In a 5-4 vote, the board granted the variance conditioned on completion of improvements to Willow Drive and approval of a stormwater management plan and fire suppression system.

Plaintiff Ten Stary Dom Partnership, owner of a neighboring property, challenged the board's action. Because a voting board member had missed relevant meetings, the trial court remanded the matter and retained jurisdiction.

In a 5-4 vote, a reconstituted board denied the frontage variance. The board concluded that the application did not promote the appropriate use of the land, did not secure safety from fire and flood, did not provide sufficient space for a residential use, and did not promote a desirable visual environment or provide adequate light, air and open space. The board determined that a variance would not advance the purposes of the zoning ordinance and that its denial of a variance would not result in undue hardship to Mauro.

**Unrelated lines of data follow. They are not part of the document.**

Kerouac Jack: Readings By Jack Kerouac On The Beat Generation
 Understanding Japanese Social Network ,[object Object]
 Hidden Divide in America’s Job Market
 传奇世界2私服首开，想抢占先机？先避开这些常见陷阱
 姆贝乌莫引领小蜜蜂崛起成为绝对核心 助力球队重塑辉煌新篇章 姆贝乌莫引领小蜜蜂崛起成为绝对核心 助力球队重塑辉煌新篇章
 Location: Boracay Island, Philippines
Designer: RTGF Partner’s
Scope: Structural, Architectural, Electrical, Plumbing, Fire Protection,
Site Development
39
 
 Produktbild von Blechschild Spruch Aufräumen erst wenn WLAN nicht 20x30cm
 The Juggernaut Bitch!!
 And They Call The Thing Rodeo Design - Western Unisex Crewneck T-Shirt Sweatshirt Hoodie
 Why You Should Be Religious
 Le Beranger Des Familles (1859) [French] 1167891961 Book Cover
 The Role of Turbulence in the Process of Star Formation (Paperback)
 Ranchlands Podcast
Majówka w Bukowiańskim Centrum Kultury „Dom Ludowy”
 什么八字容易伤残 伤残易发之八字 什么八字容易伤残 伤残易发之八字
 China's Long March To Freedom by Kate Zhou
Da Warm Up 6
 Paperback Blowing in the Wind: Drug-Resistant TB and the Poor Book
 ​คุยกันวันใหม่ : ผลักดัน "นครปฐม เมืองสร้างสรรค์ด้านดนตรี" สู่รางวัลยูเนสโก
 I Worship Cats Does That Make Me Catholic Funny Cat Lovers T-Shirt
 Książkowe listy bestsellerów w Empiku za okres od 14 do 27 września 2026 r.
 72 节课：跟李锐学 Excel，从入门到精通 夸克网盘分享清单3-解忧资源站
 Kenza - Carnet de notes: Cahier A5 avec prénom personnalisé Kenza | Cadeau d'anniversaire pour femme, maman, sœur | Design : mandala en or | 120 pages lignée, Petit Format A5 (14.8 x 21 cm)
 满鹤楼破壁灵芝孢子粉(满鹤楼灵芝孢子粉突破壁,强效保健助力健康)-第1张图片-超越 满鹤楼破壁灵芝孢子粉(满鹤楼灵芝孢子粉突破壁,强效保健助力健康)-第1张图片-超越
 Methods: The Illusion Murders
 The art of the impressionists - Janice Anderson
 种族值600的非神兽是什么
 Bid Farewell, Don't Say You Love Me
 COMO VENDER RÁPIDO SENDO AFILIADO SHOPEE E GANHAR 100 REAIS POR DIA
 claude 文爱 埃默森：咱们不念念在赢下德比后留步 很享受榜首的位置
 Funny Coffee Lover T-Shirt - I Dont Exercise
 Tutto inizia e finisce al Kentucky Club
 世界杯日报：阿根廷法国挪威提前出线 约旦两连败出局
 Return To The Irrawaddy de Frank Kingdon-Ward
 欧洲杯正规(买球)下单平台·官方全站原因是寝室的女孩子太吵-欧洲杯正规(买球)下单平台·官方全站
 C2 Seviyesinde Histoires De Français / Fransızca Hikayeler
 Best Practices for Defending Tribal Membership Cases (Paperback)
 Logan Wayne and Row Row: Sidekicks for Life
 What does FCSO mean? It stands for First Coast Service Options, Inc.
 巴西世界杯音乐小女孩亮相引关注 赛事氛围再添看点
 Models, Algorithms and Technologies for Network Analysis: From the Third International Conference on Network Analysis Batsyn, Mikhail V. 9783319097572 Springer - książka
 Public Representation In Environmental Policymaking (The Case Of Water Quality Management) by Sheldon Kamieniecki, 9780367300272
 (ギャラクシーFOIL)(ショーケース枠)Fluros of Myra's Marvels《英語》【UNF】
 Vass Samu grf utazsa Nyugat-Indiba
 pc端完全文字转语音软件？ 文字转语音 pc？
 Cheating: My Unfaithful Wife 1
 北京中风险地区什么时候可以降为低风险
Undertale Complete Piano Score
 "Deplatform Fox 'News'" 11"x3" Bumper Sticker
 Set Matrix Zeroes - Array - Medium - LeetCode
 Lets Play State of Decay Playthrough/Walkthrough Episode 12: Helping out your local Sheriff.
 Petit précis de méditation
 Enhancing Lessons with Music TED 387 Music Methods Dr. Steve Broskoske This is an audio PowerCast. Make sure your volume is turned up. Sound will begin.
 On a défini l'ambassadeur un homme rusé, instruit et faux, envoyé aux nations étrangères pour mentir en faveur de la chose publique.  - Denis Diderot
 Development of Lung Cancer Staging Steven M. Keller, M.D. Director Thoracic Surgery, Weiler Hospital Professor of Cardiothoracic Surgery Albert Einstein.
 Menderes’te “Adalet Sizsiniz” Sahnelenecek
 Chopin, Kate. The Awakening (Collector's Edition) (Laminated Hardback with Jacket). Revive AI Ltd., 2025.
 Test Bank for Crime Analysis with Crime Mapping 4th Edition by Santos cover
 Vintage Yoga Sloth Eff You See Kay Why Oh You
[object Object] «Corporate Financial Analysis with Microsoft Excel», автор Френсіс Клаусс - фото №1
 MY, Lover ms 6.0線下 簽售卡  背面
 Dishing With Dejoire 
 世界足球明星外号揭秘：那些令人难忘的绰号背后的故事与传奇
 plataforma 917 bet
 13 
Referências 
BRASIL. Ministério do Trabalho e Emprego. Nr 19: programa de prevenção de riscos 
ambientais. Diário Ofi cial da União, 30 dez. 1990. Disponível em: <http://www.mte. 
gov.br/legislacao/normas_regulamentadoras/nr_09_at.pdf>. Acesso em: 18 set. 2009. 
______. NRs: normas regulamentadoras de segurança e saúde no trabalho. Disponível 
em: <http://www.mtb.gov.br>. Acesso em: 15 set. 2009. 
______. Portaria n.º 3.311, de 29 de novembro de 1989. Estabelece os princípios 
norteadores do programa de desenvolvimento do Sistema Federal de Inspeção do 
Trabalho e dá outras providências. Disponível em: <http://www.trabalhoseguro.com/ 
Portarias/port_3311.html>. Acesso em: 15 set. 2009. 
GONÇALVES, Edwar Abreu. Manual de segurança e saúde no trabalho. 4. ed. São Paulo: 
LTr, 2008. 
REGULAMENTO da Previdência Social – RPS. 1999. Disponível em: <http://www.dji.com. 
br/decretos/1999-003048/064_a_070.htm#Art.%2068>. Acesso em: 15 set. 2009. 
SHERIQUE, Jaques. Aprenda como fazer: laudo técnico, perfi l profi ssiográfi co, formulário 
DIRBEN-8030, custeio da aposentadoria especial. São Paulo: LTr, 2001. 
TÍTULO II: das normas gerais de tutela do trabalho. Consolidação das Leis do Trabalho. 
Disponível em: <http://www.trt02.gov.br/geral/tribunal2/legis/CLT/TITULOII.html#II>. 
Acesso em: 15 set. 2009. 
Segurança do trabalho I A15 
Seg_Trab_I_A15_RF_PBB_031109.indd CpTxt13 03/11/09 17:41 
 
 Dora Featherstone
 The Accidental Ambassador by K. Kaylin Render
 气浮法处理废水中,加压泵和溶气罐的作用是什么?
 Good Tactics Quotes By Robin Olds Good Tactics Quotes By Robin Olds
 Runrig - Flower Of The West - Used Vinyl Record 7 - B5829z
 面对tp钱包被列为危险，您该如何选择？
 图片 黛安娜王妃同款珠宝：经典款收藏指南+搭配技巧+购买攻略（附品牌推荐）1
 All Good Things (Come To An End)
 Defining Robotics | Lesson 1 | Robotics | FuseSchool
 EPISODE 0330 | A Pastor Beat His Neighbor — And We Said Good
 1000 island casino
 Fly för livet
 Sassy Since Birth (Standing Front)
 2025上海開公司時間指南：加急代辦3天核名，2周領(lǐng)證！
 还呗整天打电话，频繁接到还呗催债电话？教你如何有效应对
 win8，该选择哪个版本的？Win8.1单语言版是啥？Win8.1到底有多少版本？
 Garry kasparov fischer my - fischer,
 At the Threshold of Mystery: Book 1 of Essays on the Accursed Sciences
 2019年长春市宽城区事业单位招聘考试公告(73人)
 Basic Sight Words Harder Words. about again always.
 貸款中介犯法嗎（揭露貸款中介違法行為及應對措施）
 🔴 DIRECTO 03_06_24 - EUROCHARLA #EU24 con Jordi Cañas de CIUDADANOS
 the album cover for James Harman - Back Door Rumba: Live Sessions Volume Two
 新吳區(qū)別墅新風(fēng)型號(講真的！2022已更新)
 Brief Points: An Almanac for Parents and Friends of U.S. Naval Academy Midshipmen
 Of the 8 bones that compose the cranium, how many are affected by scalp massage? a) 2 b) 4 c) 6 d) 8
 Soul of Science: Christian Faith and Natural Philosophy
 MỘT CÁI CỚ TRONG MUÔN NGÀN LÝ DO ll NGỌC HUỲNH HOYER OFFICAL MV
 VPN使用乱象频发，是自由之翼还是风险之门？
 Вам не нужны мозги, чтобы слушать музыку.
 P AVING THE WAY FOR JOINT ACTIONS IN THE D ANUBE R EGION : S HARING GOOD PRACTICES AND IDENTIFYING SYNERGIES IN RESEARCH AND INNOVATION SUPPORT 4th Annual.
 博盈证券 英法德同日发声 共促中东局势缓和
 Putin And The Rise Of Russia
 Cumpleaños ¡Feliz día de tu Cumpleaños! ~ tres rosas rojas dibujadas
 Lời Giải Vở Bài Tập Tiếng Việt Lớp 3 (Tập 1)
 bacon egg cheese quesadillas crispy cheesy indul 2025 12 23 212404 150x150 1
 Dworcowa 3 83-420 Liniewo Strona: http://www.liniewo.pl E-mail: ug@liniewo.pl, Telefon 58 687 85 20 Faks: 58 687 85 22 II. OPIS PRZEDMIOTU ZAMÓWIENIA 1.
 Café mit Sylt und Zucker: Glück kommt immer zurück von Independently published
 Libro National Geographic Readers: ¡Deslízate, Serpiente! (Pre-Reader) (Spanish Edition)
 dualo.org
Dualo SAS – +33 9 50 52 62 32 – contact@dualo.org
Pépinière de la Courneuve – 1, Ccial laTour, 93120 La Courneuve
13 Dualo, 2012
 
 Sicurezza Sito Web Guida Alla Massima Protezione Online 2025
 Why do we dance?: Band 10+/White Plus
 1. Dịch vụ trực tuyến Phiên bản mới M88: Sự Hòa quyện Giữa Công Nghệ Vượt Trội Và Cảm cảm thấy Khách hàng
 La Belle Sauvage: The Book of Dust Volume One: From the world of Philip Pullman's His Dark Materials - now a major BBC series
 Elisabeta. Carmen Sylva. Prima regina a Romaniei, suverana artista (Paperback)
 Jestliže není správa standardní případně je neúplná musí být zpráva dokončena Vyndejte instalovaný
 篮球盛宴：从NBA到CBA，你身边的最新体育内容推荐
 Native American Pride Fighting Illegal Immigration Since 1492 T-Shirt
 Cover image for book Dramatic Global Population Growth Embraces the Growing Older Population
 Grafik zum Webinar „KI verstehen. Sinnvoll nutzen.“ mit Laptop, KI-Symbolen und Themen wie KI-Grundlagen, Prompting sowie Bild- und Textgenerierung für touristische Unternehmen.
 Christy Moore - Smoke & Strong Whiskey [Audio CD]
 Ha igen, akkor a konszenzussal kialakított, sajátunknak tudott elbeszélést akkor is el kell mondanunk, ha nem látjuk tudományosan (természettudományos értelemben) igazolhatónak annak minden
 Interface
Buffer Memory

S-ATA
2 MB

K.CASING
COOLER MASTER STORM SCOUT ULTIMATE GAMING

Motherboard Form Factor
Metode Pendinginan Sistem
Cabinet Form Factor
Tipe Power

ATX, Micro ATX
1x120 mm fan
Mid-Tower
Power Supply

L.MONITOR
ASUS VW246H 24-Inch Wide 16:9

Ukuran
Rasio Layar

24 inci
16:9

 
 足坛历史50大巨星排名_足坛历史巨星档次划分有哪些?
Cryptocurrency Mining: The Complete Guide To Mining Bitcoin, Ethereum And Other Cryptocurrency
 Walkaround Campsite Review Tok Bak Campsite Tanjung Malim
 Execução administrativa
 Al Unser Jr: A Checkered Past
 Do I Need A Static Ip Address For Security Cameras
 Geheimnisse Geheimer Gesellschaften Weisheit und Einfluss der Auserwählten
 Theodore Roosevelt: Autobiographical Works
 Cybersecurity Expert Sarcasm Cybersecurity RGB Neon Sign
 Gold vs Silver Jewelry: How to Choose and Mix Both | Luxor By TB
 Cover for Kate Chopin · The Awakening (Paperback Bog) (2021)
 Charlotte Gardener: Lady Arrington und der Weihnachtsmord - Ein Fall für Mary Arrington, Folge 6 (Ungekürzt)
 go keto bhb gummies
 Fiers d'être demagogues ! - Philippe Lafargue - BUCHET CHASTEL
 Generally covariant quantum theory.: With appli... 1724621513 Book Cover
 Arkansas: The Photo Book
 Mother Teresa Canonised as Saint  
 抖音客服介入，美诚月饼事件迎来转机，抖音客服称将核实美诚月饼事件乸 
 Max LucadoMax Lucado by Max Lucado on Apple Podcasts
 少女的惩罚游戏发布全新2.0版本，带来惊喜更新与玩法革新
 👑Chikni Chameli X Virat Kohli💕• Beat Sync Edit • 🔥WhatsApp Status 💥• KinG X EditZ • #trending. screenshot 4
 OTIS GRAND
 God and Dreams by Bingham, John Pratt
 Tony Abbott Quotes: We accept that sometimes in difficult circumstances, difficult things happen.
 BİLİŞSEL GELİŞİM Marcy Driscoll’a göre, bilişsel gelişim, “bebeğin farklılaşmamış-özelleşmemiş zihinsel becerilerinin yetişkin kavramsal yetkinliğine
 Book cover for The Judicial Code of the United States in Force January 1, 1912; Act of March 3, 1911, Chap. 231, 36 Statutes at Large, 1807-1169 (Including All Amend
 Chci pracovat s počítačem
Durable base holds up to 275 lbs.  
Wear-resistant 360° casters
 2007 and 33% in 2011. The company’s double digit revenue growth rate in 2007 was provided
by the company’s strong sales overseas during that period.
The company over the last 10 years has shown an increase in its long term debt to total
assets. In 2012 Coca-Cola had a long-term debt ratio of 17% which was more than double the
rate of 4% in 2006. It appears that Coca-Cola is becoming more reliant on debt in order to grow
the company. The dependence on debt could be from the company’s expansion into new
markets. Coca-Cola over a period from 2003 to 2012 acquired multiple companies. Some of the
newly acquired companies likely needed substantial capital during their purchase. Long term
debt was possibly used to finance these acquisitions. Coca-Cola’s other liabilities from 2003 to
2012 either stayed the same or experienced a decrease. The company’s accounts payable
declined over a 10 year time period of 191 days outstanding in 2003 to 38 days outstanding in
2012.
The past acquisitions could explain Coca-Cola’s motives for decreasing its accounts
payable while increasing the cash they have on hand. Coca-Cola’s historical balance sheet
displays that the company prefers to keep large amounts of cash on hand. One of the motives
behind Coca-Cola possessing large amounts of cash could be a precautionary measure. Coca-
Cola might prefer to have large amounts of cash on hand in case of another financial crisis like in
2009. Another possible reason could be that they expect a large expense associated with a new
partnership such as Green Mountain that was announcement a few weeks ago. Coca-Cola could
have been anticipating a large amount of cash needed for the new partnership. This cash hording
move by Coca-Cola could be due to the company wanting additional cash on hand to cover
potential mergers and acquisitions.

The Law Division found that Mauro established the positive criteria but failed to establish the negative criteria. Primarily citing the drainage on the property, the court found that Mauro failed to carry his burden of proof that reduced frontage would not undermine the zoning plan of the community. The trial court, however, affirmed the board's denial of the variance without prejudice, thereby permitting the applicant to return to the board with the same application on the same or additional evidence.

The Appellate Division reversed. It did not reach the propriety of the trial court's denial without prejudice. The court granted Ten Stary Dom's petition for certification.

Held: Defendant satisfied the positive and negative criteria and is therefore entitled to a bulk variance from a frontage zoning requirement. The trial court's affirmance of the board's denial of the variance without prejudice violated the principle of res judicata.

An application for a (c)(1) or (c)(2) bulk variance often implicates purposes of the Municipal Land Use Law (MLUL), including promoting public health; minimizing threats from disasters; providing adequate light, air and open space; and promoting a desirable visual environment. Evaluation of a bulk variance request must be directed to the specific zoning purposes actually implicated by the request.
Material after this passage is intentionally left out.